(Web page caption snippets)
——
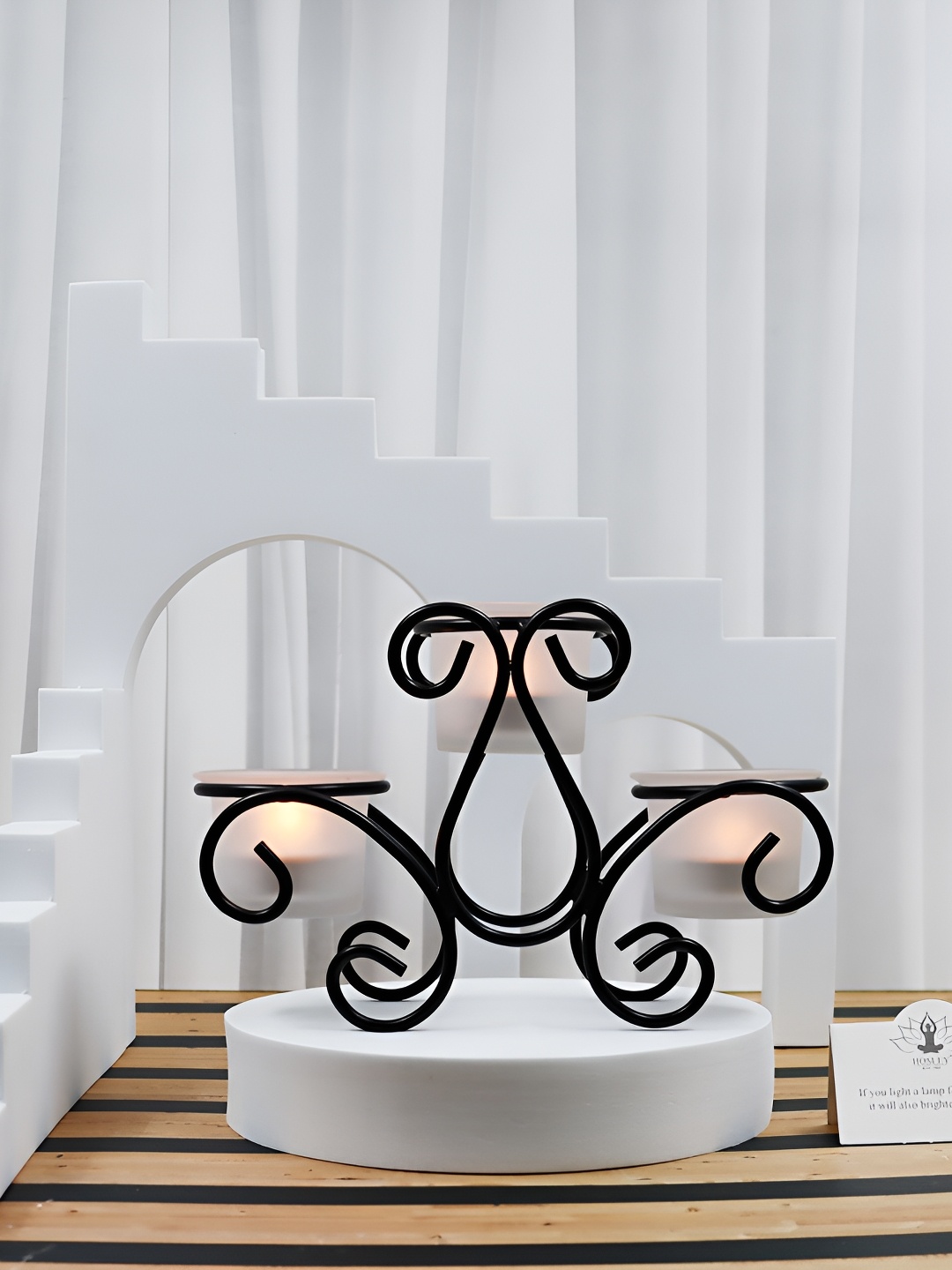 

HOSLEY Black Metal Candle Holder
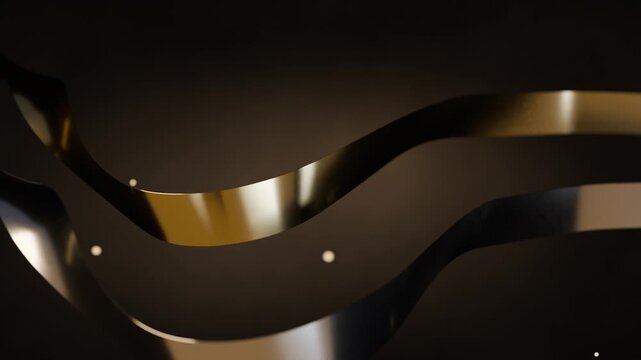 Appearing from left 3 metal ribbons flowing in dark space, showcasing gold silver sheen, particles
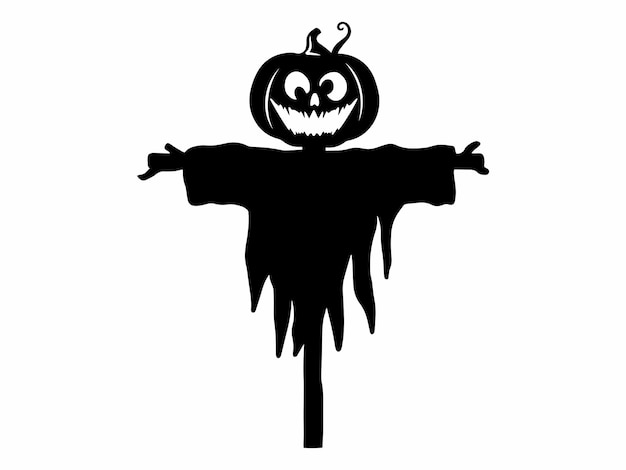 Halloween Scarecrow with Silhouette Illustration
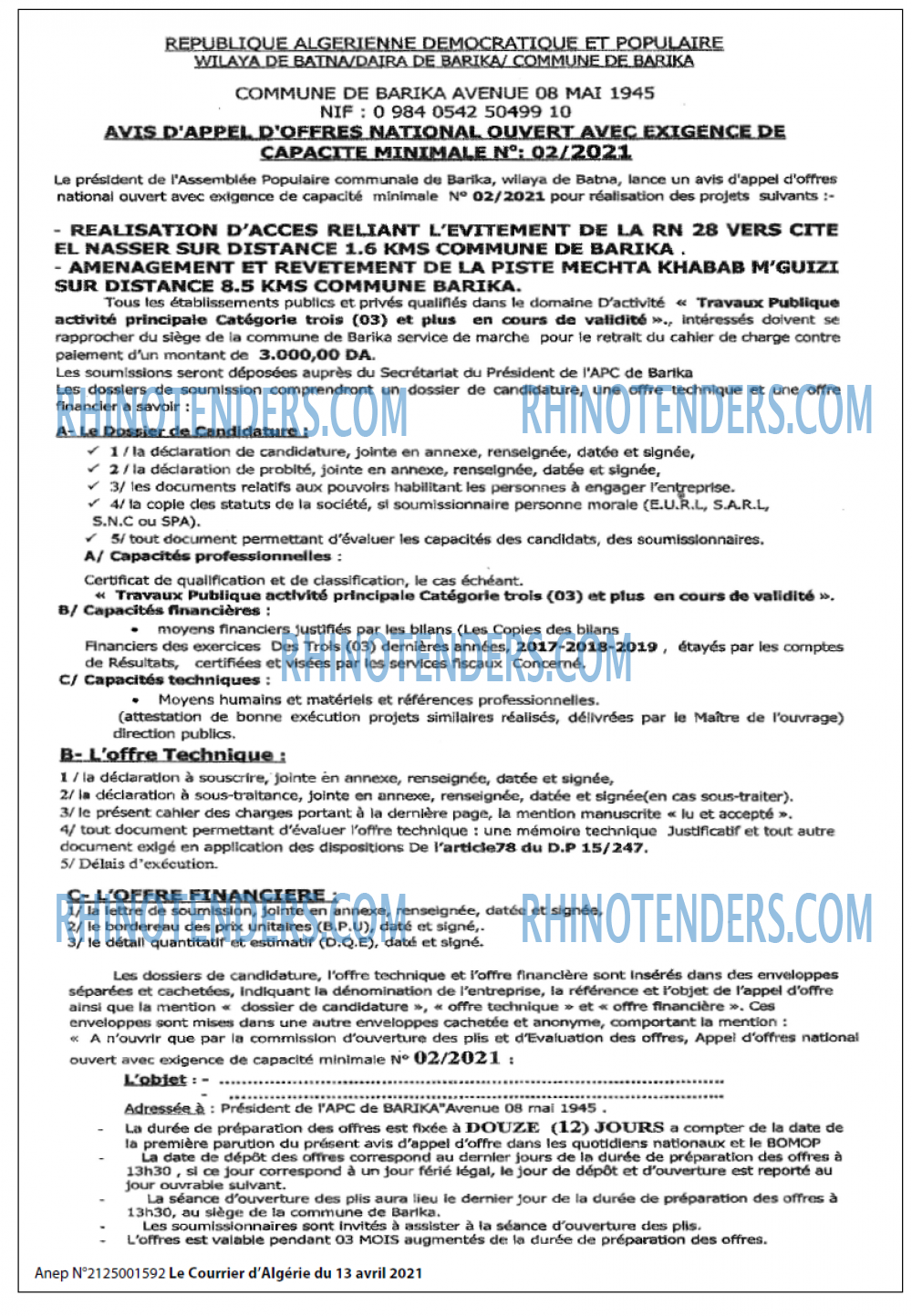 Le Courrier d'Algerie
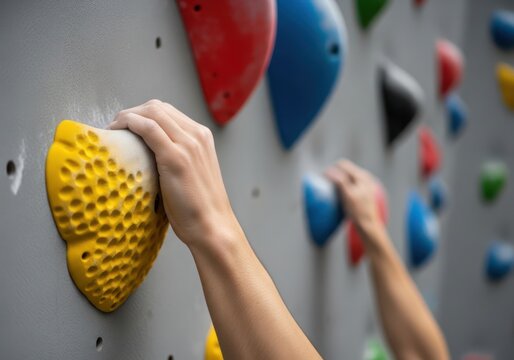 Close up of hand gripping climbing hold showcasing vibrant colors and textured surface against a neutral background highlighting fitness and sport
——
--- REQUIRED WORK ---
The data must come back word for word, with every picture removed.

--- SOLUTION TO THIS PROBLEM ---
HOSLEY Black Metal Candle Holder
 Appearing from left 3 metal ribbons flowing in dark space, showcasing gold silver sheen, particles
 Halloween Scarecrow with Silhouette Illustration
 Le Courrier d'Algerie
 Close up of hand gripping climbing hold showcasing vibrant colors and textured surface against a neutral background highlighting fitness and sport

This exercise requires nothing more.